In deze zaak heeft het Gerechtshof Den Haag op 23 mei 2017 uitspraak gedaan in hoger beroep over het verzoek van [appellant] tot opheffing van zijn faillissement, dat op eigen aangifte was uitgesproken op 8 oktober 2013. De rechtbank Rotterdam had eerder, op 23 februari 2017, dit verzoek afgewezen, omdat niet voldoende aannemelijk was dat [appellant] te goeder trouw was ten aanzien van het ontstaan van zijn schulden in de vijf jaar voorafgaand aan het verzoek. De rechtbank oordeelde dat [appellant] onjuiste informatie had verstrekt aan Rabobank bij het verkrijgen van krediet, wat leidde tot de conclusie dat hij niet te goeder trouw was.
In hoger beroep heeft [appellant] zijn standpunt herhaald en betoogd dat hij niet verantwoordelijk kan worden gehouden voor de onjuiste informatie die door zijn boekhouder aan Rabobank is verstrekt. Het hof heeft de argumenten van de curator en Rabobank gehoord, die stelden dat [appellant] als bestuurder van een groep van gefailleerde vennootschappen aansprakelijk was voor het faillissement. Het hof heeft echter geoordeeld dat [appellant] voldoende aannemelijk heeft gemaakt dat hij te goeder trouw was en dat de omstandigheden rondom de borgstellingen en de kredietaanvraag niet op hem konden worden afgeschoven.

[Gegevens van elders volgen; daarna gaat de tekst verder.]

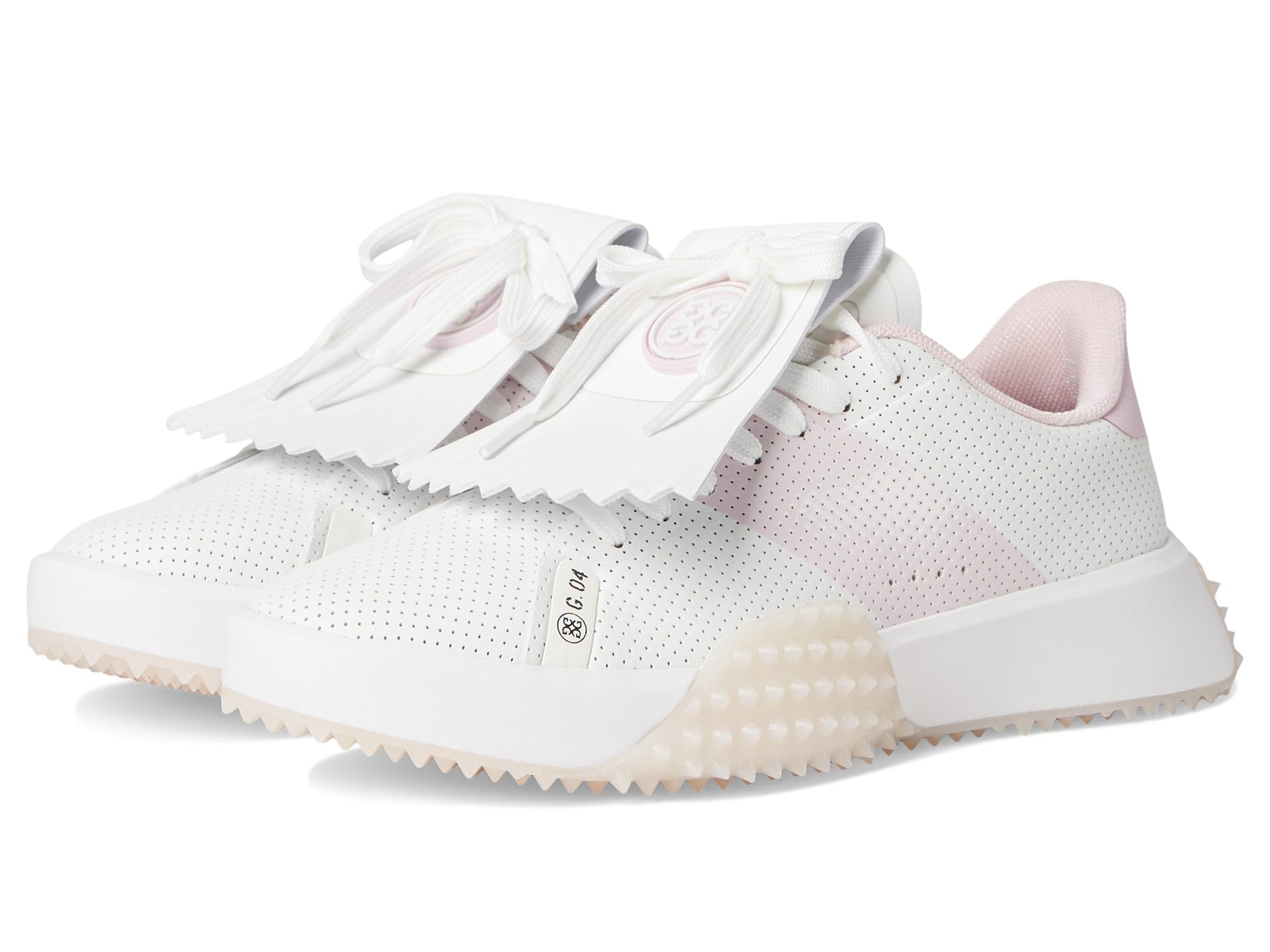 G.112 Perforated Saddle Stripe Golf Shoes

Het hof heeft uiteindelijk het vonnis van de rechtbank vernietigd, het faillissement opgeheven en de toepassing van de schuldsaneringsregeling uitgesproken. Het hof concludeerde dat de externe omstandigheden, zoals de crisis in de bouwwereld, een belangrijke rol hebben gespeeld in de faillissementen en dat [appellant] zijn financiën inmiddels onder controle heeft gekregen. De zaak is terugverwezen naar de rechtbank voor de uitvoering van de schuldsaneringsregeling.